The first written source on a confirmation of a mitre as a sign of
Apostolical dignity for a bishop is in a Bull of Leo IX in 1049, when he
confirmed bishop Eberhard of Trier the primacy of the Church of Trier. As a
sign of this primacy, Leo granted bishop Eberhard the Roman mitre, in order
that he could use it according to the Roman custom when performing the
offices of the church. A similar favour was made to archbishop Adalbert of
Bremen in 1053 when Leo IX confirmed him and his successors the legation
over all Nordic peoples and western Slavs with an authority similar to that
of St. Boniface's among the Germans. The archbishops were given the right
to consecrate bishops over the area concerned. As a sing of Apostolical
authority they were granted the use of pallium, cross and nactum
(horsecloth) on certain enlisted feasts. Because of archbishop Adalbert's
personal interest to evangelisation, the Pope gave him the right to supply
his pallium with the Roman mitre on Holy Saturday, feast of the Holy Cross
and St. Stephen's day. Both nactum and a permission to carry a cross had
been granted to Adalbert already by Pope Clement II in 1047, but the use of
the mitre was confirmed only with the legation in 1053.

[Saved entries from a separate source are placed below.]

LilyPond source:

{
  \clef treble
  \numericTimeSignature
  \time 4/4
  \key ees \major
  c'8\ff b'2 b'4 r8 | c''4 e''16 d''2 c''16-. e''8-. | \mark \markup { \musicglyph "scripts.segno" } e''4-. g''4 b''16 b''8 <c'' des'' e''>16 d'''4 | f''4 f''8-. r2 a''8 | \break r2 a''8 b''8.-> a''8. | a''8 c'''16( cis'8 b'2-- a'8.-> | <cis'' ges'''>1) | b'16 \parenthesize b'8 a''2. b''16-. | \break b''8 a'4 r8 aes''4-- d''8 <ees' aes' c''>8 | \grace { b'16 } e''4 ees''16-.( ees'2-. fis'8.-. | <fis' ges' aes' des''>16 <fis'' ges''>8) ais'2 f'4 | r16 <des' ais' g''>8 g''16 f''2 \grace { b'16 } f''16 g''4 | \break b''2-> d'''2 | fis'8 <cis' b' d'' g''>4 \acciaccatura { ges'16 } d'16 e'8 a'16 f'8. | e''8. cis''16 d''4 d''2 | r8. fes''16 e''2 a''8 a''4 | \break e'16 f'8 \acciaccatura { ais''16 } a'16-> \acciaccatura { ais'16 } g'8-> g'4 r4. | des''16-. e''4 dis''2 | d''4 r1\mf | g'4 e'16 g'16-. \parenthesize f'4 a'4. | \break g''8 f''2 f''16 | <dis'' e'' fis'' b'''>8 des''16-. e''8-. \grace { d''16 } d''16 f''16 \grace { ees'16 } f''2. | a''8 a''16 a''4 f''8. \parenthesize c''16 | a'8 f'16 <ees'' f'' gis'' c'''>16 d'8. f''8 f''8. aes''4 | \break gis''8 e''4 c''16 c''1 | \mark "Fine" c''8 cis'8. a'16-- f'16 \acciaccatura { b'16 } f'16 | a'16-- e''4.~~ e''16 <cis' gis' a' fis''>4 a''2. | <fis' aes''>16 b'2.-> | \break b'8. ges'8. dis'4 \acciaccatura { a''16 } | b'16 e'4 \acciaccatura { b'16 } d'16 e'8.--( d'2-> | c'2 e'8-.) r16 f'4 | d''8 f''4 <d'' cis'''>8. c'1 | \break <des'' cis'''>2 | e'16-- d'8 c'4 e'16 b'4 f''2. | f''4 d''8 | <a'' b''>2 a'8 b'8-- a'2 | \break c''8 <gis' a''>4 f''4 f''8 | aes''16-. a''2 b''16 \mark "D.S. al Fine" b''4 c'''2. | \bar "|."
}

The privilege of archbishop Adalbert in 1053 is the earliest surviving
source on the use of the Roman mitre as part of the apostolical insignia by
an archbishop with legatine authorisation. In this context of interest are
even some later forgeries of the privileges of the church of Bremen in
which the use of mitre is mentioned. The forgeries were made on two
different occasions in order to confirm the ancient rights of the church of
Bremen over the church in Scandinavia. The first group consists of six
privileges produced by the order of archbishop Liemar in order to support
his case against Pope Gregory VII in 1075. The second group consist of at
least twelve documents designed by archbishop Hartwig in 1158 to wreck the
newly established primacy of the archbishops of Lund over the Scandinavian
sees.
According to both set of forgeries the legation of the archbishops of
Bremen over the Scandinavian church had been established already in the
time of Ansgar, who was the first archbishop of the missionary see of
Hamburg-Bremen in 831-865. After him the legation had been confirmed to
several of his successors. In the real life Ansgar had been nominated as a
legate among the Nordic peoples by pope Gregory IV in 832, but the legation
was designed for mission and it did not include any organisational rights.

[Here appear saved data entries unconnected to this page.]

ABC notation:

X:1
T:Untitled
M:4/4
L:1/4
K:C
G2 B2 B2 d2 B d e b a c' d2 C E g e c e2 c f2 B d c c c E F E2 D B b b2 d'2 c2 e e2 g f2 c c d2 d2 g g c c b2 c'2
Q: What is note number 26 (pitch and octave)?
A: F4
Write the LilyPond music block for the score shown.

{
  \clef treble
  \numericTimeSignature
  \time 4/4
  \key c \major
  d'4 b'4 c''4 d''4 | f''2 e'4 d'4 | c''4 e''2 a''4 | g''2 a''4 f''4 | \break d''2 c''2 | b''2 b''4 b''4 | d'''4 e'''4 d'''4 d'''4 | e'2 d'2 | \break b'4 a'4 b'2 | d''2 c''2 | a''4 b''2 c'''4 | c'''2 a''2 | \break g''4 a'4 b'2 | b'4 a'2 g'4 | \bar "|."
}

Of interest is that in the forged documents the supposed legation of Ansgar
and his successors was accompanied with apostolical insignia similar to
that of archbishop Adalbert's in 1053. In three forgeries of archbishop
Liemar the use of the mitre and the right to carry a cross as a sign of a
papal legate was placed in the time of Ansgar (831-865) and his immediate
successor archbishop Rimbert (865-888). The use of the mitre was even
confirmed in two early tenth century forged privileges of archbishop
Hartwig. Especially the forgeries of Liemar show clearly, that the use of
the mitre and the right to carry a cross had established themselves as
natural attributes of papal legates at the eve of the investiture struggle
in the 1070's.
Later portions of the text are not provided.